The approach presented in this section is different, because it relies on an intermediate layer, written in a general-purpose programming language (Python, in this case, but it could, of course, be anything). The script in listing 11.10 acts as a filter: it gathers data from standard input and passes it on to gnuplot only if new data is available. It therefore implements a “push” model, rather than the “pull” model of the previous solutions. The script also acts as a buffer, storing the most recent set of points and passing the points to gnuplot. This is necessary because now the file system is skipped entirely, and gnuplot itself doesn’t retain data between plots.

Listing 11.10. A data monitor in Python (file: monitor.py)

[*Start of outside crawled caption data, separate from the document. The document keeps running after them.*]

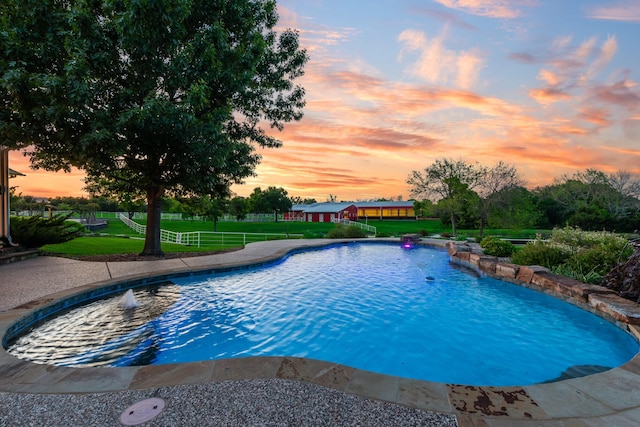 334 Pleasant Acres Rd, Rockwall, TX 75087 - pool at dusk featuring a lawn, fence, and an outdoor pool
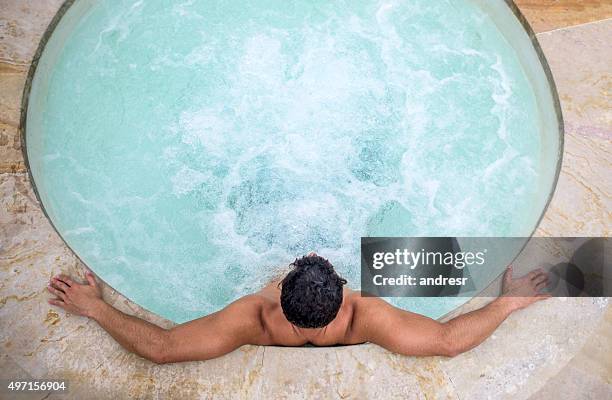 homme se relaxant dans un bain à remous - bain à remous photos et images de collection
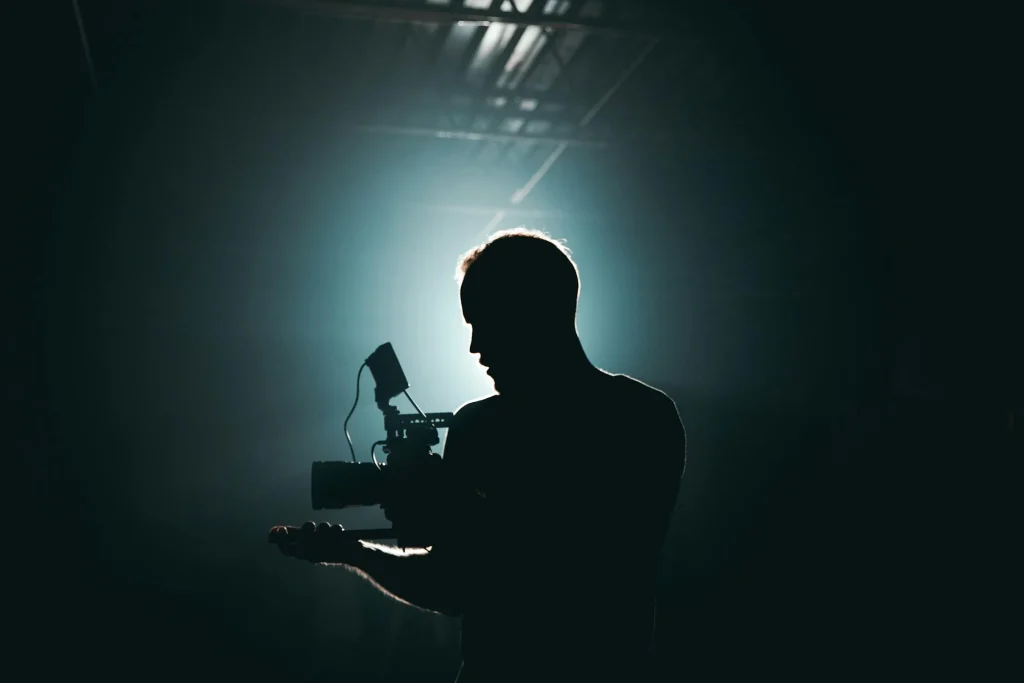 camera man in a dark room with an illuminated background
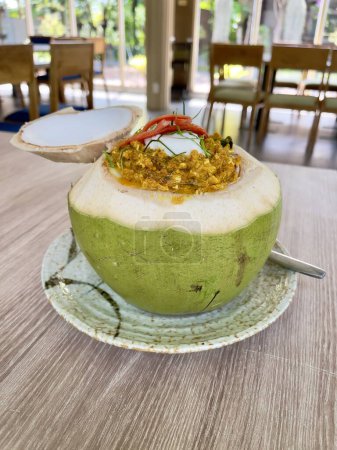 Marisco al curry picante estilo tailandés en coco fresco. Comida tailandesa. Hor Mok Talay el famoso marisco tailandés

The script runs gnuplot as a subprocess and communicates with gnuplot by writing to gnuplot’s standard input via a pipe. The script reads incoming data from its own standard input (not from a file), splits and parses the intake, and pushes it onto a buffer, before passing it on to gnuplot. In this case, there is no need for gnuplot’s stats command, because the determination of the plot range is now done in the Python script.

The script is straightforward. Only two Python-specific implementation details require comment:

  • To achieve real-time behavior, all input and output must be unbuffered. This is the reason the script uses sys.stdin.readline() in a while loop, instead of the more familiar idiom for line in sys.stdin:. Also, make sure to run this script using Python’s -u command-line option.
  • The line buf = buf[-buflen:] retains the last buflen elements in the array. If the array contains fewer than buflen elements, then all of them are retained.

It should be clear that listing 11.10 is only the beginning. Not only are all features missing that would make the program more robust (error-handling, and so on), but the function of the script could be extended in many ways:

  • Observe and combine multiple input sources. The script in listing 11.10 listens to its own standard input—instead, it could keep tabs on a range of different log files, combine data from all of them, and generate a unified status plot.
  • Conversely, split a single, heterogeneous input source into multiple data streams, and maintain several gnuplot processes, each of which is used to plot only a single output channel.
  • Statistically manipulate the data, remove outliers, and identify trends. The results of a predictive model could be combined with the raw output so that both can be plotted together and compared easily.
  • Make any other modifications you can think of ...

The options are endless but have little to do with our primary topic, which is gnuplot. Listing 11.10 is only intended to get you started.

11.7. Summary

In this chapter, you learned about ways to automate gnuplot tasks. Gnuplot provides some programming constructs, such as loops and conditionals, but for more complicated tasks, it may be more convenient to “drive” gnuplot from an external programming language as a subprocess.

Another way to automate tasks is to capture all the required gnuplot commands in scripts that can be run by themselves, as batch processes, or even as part of Unix pipelines. In chapter 12, you’ll learn about additional uses for script files.

Gnuplot’s automation capabilities enable the creation of animated graphics. We demonstrated the basic principles and then used them in a particularly interesting application: the real-time monitoring of a live data stream.